EDH 7916: Contemporary Research in Higher Education

Spring 2020

A course in quantitative research workflow for students in the higher education administration program at the University of Florida

Overview
Course information
Meeting location
Getting started
Schedule
Lessons
Assignments
Questions
About

Final project: initial analysis

  

NOTE This assignment needs to be completed by the start of the next class. That means everything pushed to your remote GitHub repo before class starts. If you are unsure whether you have successfully pushed your changes, check the online version of your repo at GitHub.com. If you can see your changes there, I can see them too.

Remember, I encourage you to save your work, commit smaller changes, and push to your remote GitHub repo often rather than wait until the last minute.

Now that you’ve selected a topic and data set for your final reproducible report, it’s time to conduct a preliminary analysis. In short, I want you to use the skills you’ve learned so far to answer the questions you’ve set for yourself. Specifically, I want you to submit two items. Both should be stored in your final_project folder.

(1) Markdown file on how to get data

Submit a Markdown (.md) file called final_project_instructions.md that explains how to get the data required for your analysis and where it needs to be placed in relation to your R script. The instructions need to be detailed enough that I can find, download, unzip (if necessary), and place the raw data files so that your script will run. Assume I’m me, but am not familar with your data (i.e. that I’ll figure it out).

This means that it’s not enough to say, “Get these files from IPEDS,” and then list files. You should include a link to the proper webpage and instructions for any clicking that I need to do to get your data.

(2) R script

Create an R script called final_project_analysis.R that does the following:

  1. Reads in your data — if your analysis requires combining multiple data sets (e.g. IPEDS data files), then you need to read in and append/join all files as required to construct your analysis data set
  2. Selects the variables you need for your analysis (if your raw data contains more columns than you need)
  3. Filters rows due to:
    • missing values
    • values that are outside the scope of your analysis (e.g., you are using national data, but only need information about Florida)
  4. Mutates (adds) new variables that you need for your analysis
  5. Saves your prepared analysis data frame to your data directory — you can save it in whichever format makes sense to you: .csv, .rds, .rda, etc

Your R script should also have a section that:

  1. Generates basic descriptive/summary statistics that are relevant to your analysis (e.g. if using IPEDS to show average graduation rates among Florida public colleges and universities, show average graduation rates for each year in your sample). For this part of the assignment, you do not need to produce any formatted output (tables, figures, text, etc): we’ll work on that after the break. Instead, you can just have results printed to the console.
  2. EXTRA: If you have familiarity with more advanced inferential techniques such as regression and think you may use one in your report, feel free to fit a model. That said, we have not covered this yet and it is not required. But if you are able to do the other steps and an want to move ahead, then go for it!

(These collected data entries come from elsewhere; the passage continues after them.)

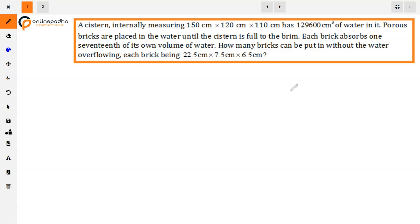We have a cistern with measurements of 150, 120, and 110 cm. The volume of water given is 129,600 cm³. We are putting bricks into it and they are absorbing some water, so we need to find how much water is being absorbed.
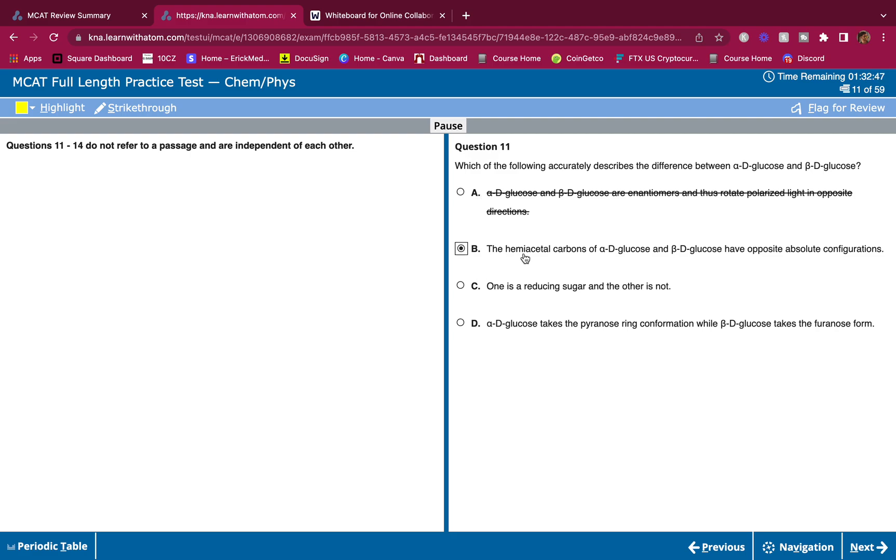B, the hemiacetal carbons of alpha-D-glucose and beta-D-glucose have opposite absolute configurations. This is correct. The hemiacetal carbon is also the anomeric carbon. One will point up and be cis, the other will point down and be trans. You should know the difference between those.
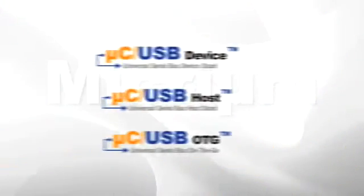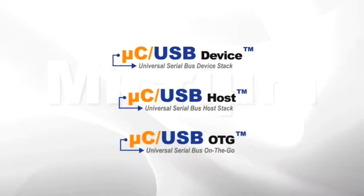Already, you'll have to answer a number of questions before even deciding whether you need USB device, host, or on the go. Let us help you through this process.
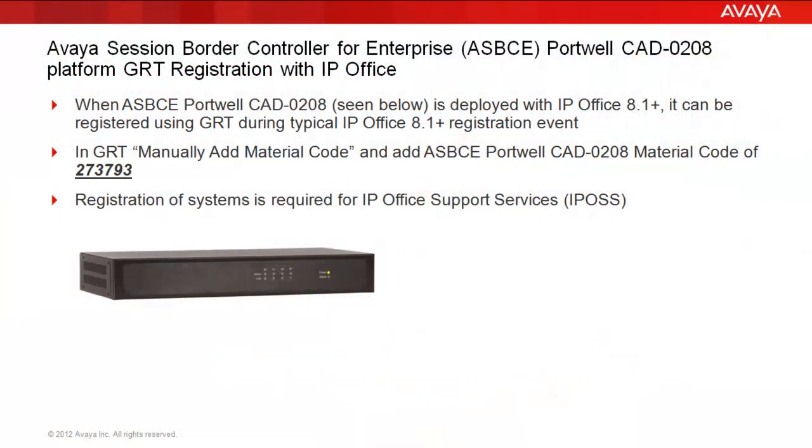Before the demonstration, first a few notables. When the Avaya Session Border Controller for Enterprise Portwell CAD-0208 is deployed with IP Office 8.1, it can be registered using the Global Registration Tool during a typical IP Office 8.1 registration event. In GRT, we'll make use of manually adding the material code 273793 to register the Portwell CAD Session Border Controller. Keep in mind that registration of systems is required for IP Office Support Services entitlement.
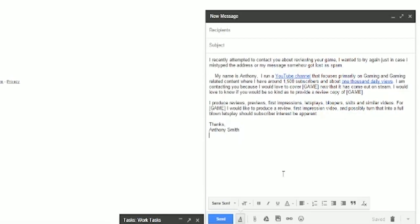Here you'll actually see an older version of much the same letter that you just read. Except this is actually a follow-up email that I would tailor to whatever it is that I would send out. So for instance, the very first sentence is simply, I recently attempted to contact you about reviewing your game. I wanted to try again just in case I mistyped the address or the message was somehow lost in spam. Here's the thing.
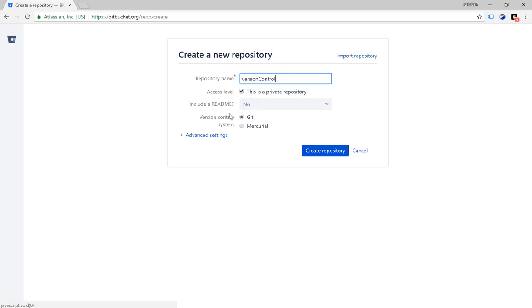And then it's going to ask you the version control system. Is it git or mercurial? Remember our version control is git so we have to select git if it is not already selected.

Your R script should be well-organized, following our template. It should be well commented throughout, explaining what you are doing, particularly if making subjective data cleaning decisions or writing your own functions. It should also run from top to bottom without error or requiring that the user change anything.

I don’t expect that your full analysis will be completed in two weeks. You may end up changing some analyses or adding new ones. But I do expect you are able to put your data together and produce at least a couple of statistics. I fully expect that you will repurpose this code in your final report so the more you do now, the better off you’ll be.